It is pleasing to report that our mid-winter half day visit to Swindon proved remarkably popular. An introductory talk by the Museum Curator gave us some insight into the history of the Swindon Collection since its inception, back in 1921, when Jimmy Bomford set the ball rolling with the donation of 21 paintings. The Curator also shared with us useful background information on the key artists represented within the Collection. Works by Alfred Wallace, John & Paul Nash, William Roberts, Frank Brangwyn, George Clausen, and Henry Moore all caught the eye. However, for me, the ‘gold medal’ surely had to be shared between Gwen John (her 1910 Portrait of a Lady in pencil and wash), and John Skeaping (Barbara Hepworth’s first husband) for his drawing ‘Study of Roe Deer’. Oh, that we were all capable of capturing such a sense of movement!

In the 1970s the Gallery started to acquire, again initially via a benefactor, what has since become a fine collection of studio ceramics.

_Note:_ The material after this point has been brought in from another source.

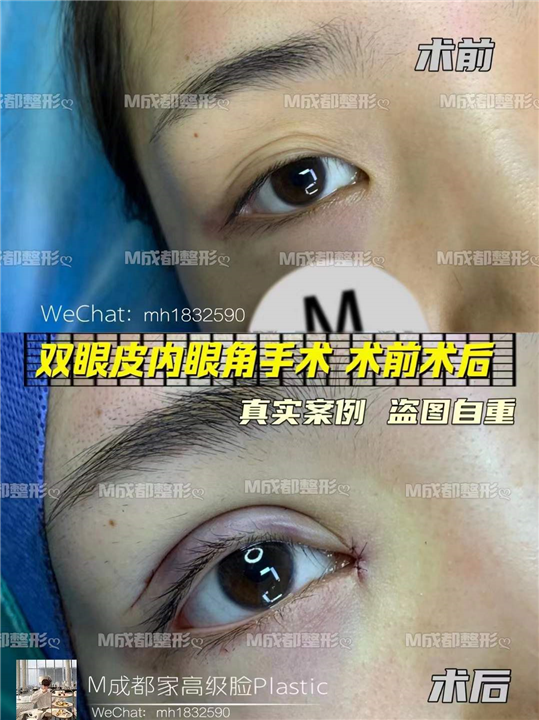 成都眼修复整形医院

Bernard and David Leach, Hans Coper, Lucie Rie, Ray Finch, Edmund de Waal and Grayson Perry all feature.

There is every prospect of the Swindon Collection being given a new home, on a prime site in the centre of the town, should the anticipated Lottery Funding come to fruition.

For me, the opportunity to re-visit Swindon’s iconic Steam Museum (for the first time in over 50 years!) proved a nostalgic experience. A fair number of our travelling members and friends obviously felt the same way!

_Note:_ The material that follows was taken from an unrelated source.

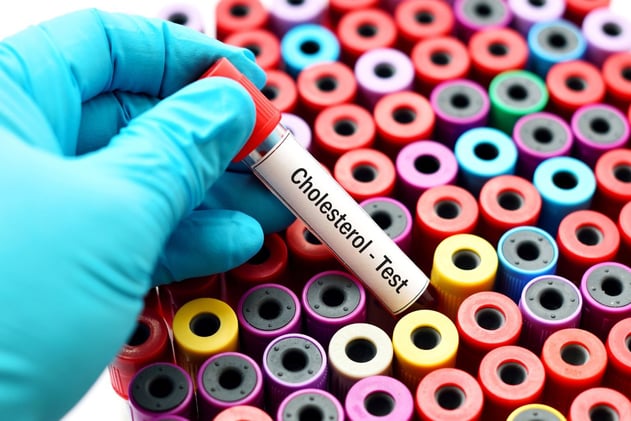 What If We Were Wrong About Cholesterol?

Preserved number and nameplates, from legendary Castle, Hall, City and King Class locomotives, brass all beautifully polished, the original eight ft diameter driving wheels of Brunel’s broad gauge Lord of the Isles and a small section of surviving pipeline from his Atmospheric Railway (one of his very few failures!) all feature among the artifacts on display. A reconstruction of the Foundry, Boiler Shop, etc., gave some insight into how tough the working conditions would have been, the majority of the work force being deaf, from the pervading noise, by the time they were thirty.

The prime exhibits, without a doubt, were the fully restored Caerphilly Castle, City of Truro, and the flagship of the GWR fleet, No.6000, George V. 160 Castle Class locos were built, all in the Swindon works, between 1923-50. In 1927 George V (135 tons,

including the tender) was shipped to the USA to spend 22 days, as star of the show, at the ‘Fair of the Iron Horse’, Baltimore, Ohio. Finally retired in 1962, it covered nearly two million miles during its years of service with the Great Western.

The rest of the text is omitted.